Albania carries out 1st vaccinations with donated doses

AP Health
Edi Rama

Albanian prime minister Edi Rama receives the first dose of Pfizer-BioNTech COVID-19 vaccine at a vaccination center in Tirana, Albania, Monday, Jan. 11, 2021. Rama was among the first to take the COVID-19 vaccine which the country has received from an undisclosed European Union member country. The Prime Minister said he was “not authorized” to say which EU country had provided 975 vaccines. (AP Photo)

TIRANA, Albania (AP) — Albania kicked off its coronavirus vaccination program on Monday with doses received from an undisclosed European Union nation, making sure that the prime minister was among the first to receive a shot.

Prime Minister Edi Rama said he was “not authorized” to say which EU country had provided 975 doses to the Balkan nation. Albania’s main vaccination campaign is due to start next week.

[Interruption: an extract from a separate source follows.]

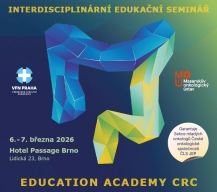 Education Academy CRC, 6. - 7. 3. 2026, Brno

Rama was inoculated after the head of the infectious diseases hospital that treats most people infected with the virus. Rama said he did it to show that it “not only is safe but that it is the weapon to kill this invisible enemy.”

Rama repeated complaints made by several countries in the Western Balkans that the European Union has left them behind in its vaccination rollout. The vaccinations Albania gave Monday are sure to spark some envy in other Balkan countries.

“The strategy and direction set from the EU to invest in the COVAX scheme has proved to be undefined in time,” Rama said, referring to an international initiative to ensure that vaccines are available in lower-income countries.

“If we waited for COVAX we still would be waiting and no one knows how long that would last,” he added.

The government has contracted to get 500,000 doses of the Pfizer-BioNTech vaccine, of which the first 10,000 are to arrive next week.

Rama said next week Albania will also give “a symbolic number of vaccines” to neighboring Kosovo for the “frontline medical personnel.”

“In this case, it is important to think not like the EU, but to think that we are not alone, because Kosova and Albania are one in joy and trouble,” Rama said after getting his shot.

Health Minister Ogerta Manastirliu said personnel at the country’s four infectious diseases hospitals would be the first to get the vaccine, followed by the rest of the country’s 23,000 health personnel and people over 75.

The vaccination of these groups is expected to be completed in a few months. The vaccine is not mandatory.

Albania has had 1,247 virus-related deaths and 63,971 confirmed cases as of Monday.

Authorities have imposed many lockdown measures to contain the pandemic, including a 10 p.m. to 6 a.m. curfew, mandatory mask wearing, restrictions on indoor gatherings and online classes for university students.